WORLD SOCIALIST WEB SITE
On May 20, 1913, Eulalio Gutierrez led seven hundred insurgents in an attack on Concepcion del Oro in Zacatecas. The attack took place in the context of the Mexican revolution, which spanned 1910 to 1919.
Gutierrez’s forces were in revolt against the military dictatorship of General Jose Victoriano Huerta, who overthrew President Francisco Madero in a coup d’état in February 1913 that ended in Madero’s execution. The coup sparked rebellions throughout 1913, in which haciendas, mines and other industries were targeted including in Los Tocayos, Sombrerete and Zacatecas.

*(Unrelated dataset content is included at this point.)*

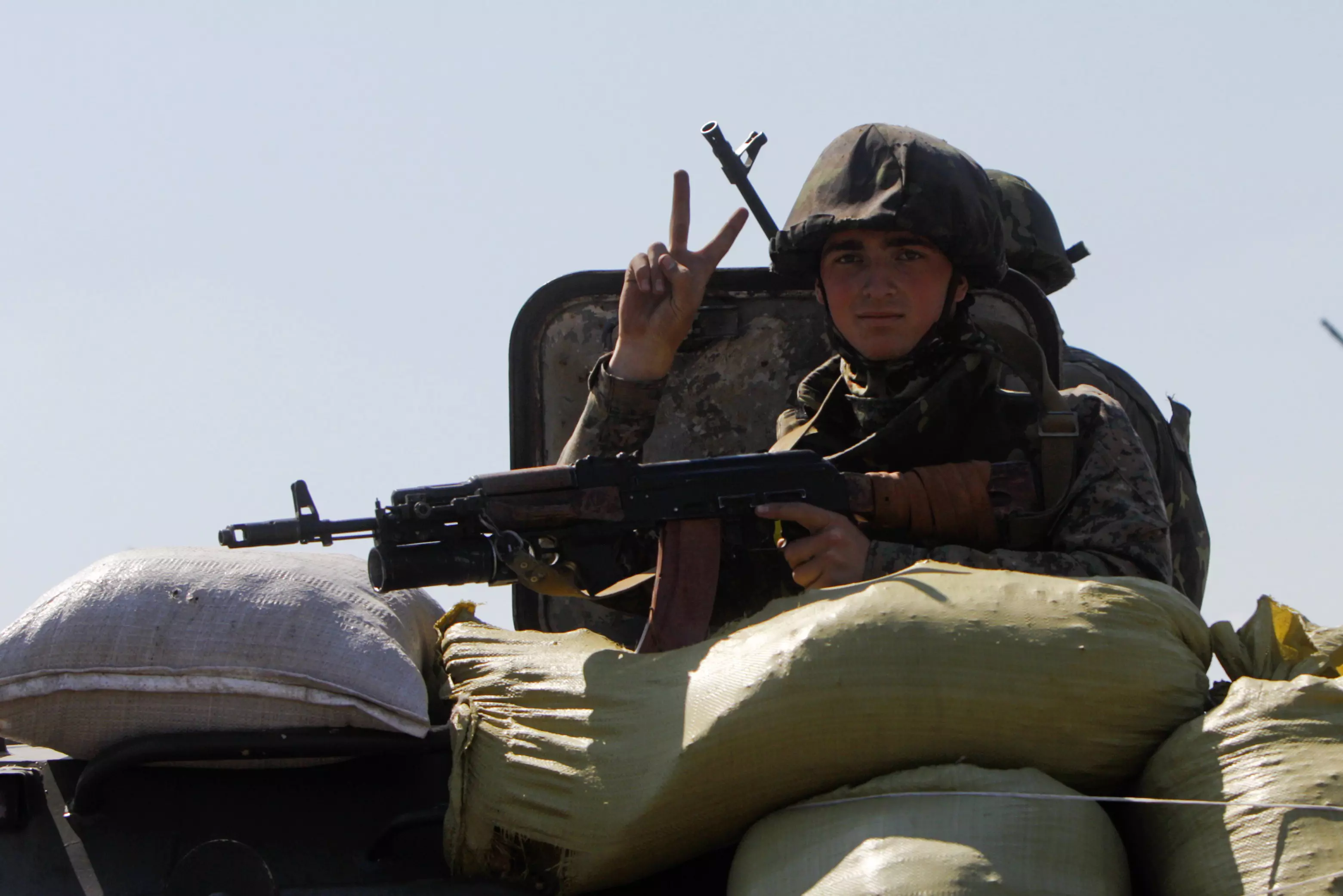 חייל אוקראיני בסמוך לעיר דונייצק, היום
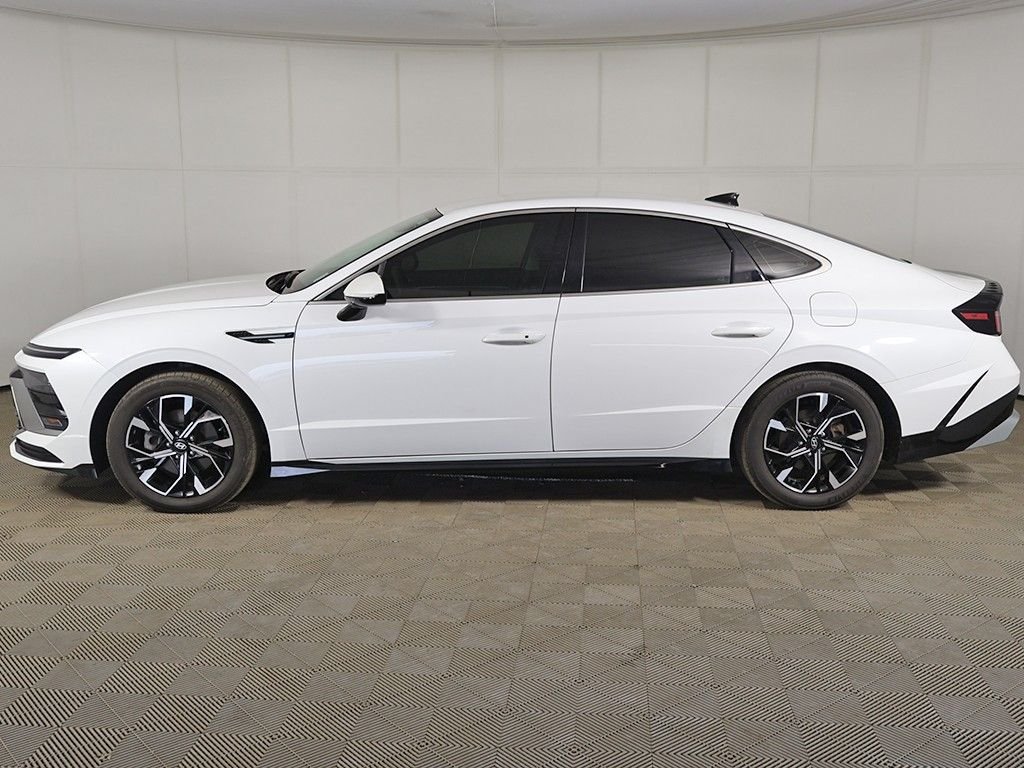 Certified Used 2024 White Hyundai SEL image 12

The 38th rural regiment defected to the rebels in Zacatecas, who took the town in what was considered a major conquest, as Zacatecas was not only a silver-mining town of 30,000, but also a railroad junction necessary to advance to Mexico City. Upon taking Zacatecas, Gutierrez and the rebels formed the so-called “Army for the restoration of the Constitution.”
Huerta, a figure from the previous regime of longtime ruler Porfirio Diaz, was retained by Madero when he assumed the presidency after Diaz fled into exile in Spain in 1911. Huerta was charged with suppressing an anti-Madero rebellion led by Pascual Orozco, one of the radical leaders, along with Pancho Villa and Emiliano Zapata, who had initially backed Madero.
Huerta conspired with Henry Lane Wilson, United States Ambassador to Mexico, General Bernardo Reyes and Porfirio Diaz’s nephew, Felix Diaz, to overthrow Madero––events that are known in Mexican history as the Ten Tragic Days.